Setting your boundaries, leaving what is not right for you, taking care of yourself instead of others, feels selfish and unsafe inside your nervous system. It was unsafe at one point and the guilt you experience points back to that. People may even tell you that you’re selfish, perhaps because you attract the type of people who like having a caretaker; like you for your role, or perhaps because you end up setting your boundaries very harshly and abruptly when you finally do.

In finding your way back to yourself from the Fawn response, you want to go slow, instead of just setting the boundaries that other people tell you tat you need to start setting, beginning to notice inside what feels true and right for you. It’s hard to set a boundary you don’t feel or that you question. Do I feel this way? Am I allowed to feel this way? Is it a reasonable boundary to have? Will they leave me if I set it? And not having been allowed to set your boundaries as a child, setting them in a way that is Self-led and clear, takes practice.

Where do you see yourself?
You may recognize yourself somewhat in one of the four F’s. Or you perhaps you don’t recognize yourself in any of my descriptions, but even so I hope you’ve gotten an understanding of the nervous system and how the four F’s can impact our survival and our living.
Or perhaps you recognized yourself very clearly in more than one of the four F’s. This is because we all have the four responses innately in our nervous systems.
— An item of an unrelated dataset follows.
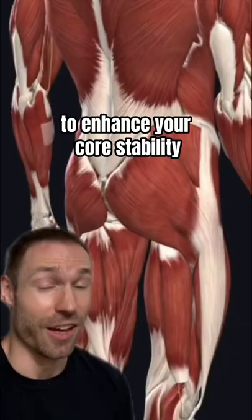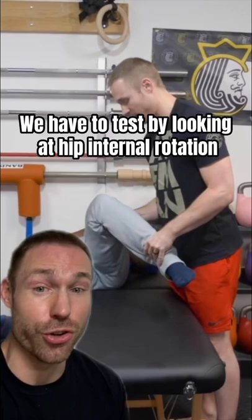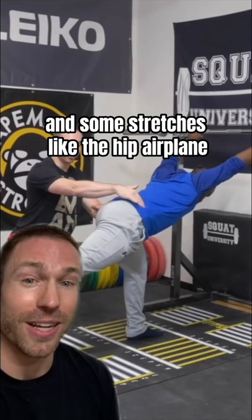The piriformis can also irritate the sciatic nerve, but there's no one-size-fits-all for fixing, so we have to test by looking at hip internal rotation. If your painful side has limited internal rotation compared to your other side, start with some soft tissue work with a ball to the hip and some stretches like the hip airplane dropping your hip into an internal rotation stretch.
And just like I have described some of the ways they apply to my life and nervous system, it make sense that you may see reactions, sides or parts of yourself in the different ones.

If there’s one that you don’t recognize yourself in very clearly at all, this is somewhere you may want to get curious and explore more — For me the Fight response is the most dissociated one and therefore something I can work towards, slowly and respectfully, in order to create more choice and more freedom in my nervous system and in my life.
Or if your go-to is very strong and rigid or you easily get triggered towards survival, then this is where your work lies; this is where something is calling out to be witnessed and healed.

With all of the four F’s and being a human being in general, there are so many nuances and so much lived experience that plays into the life, the inner world and the nervous system of every single human being.
Nothing that’s living fits in a box.
None of what you have read here are definitions or ultimate truths. It’s all just words, views and ideas that may help you see and feel yourself in, or see and feel yourself against.

It’s only beneficial if it helps you find your way back to you.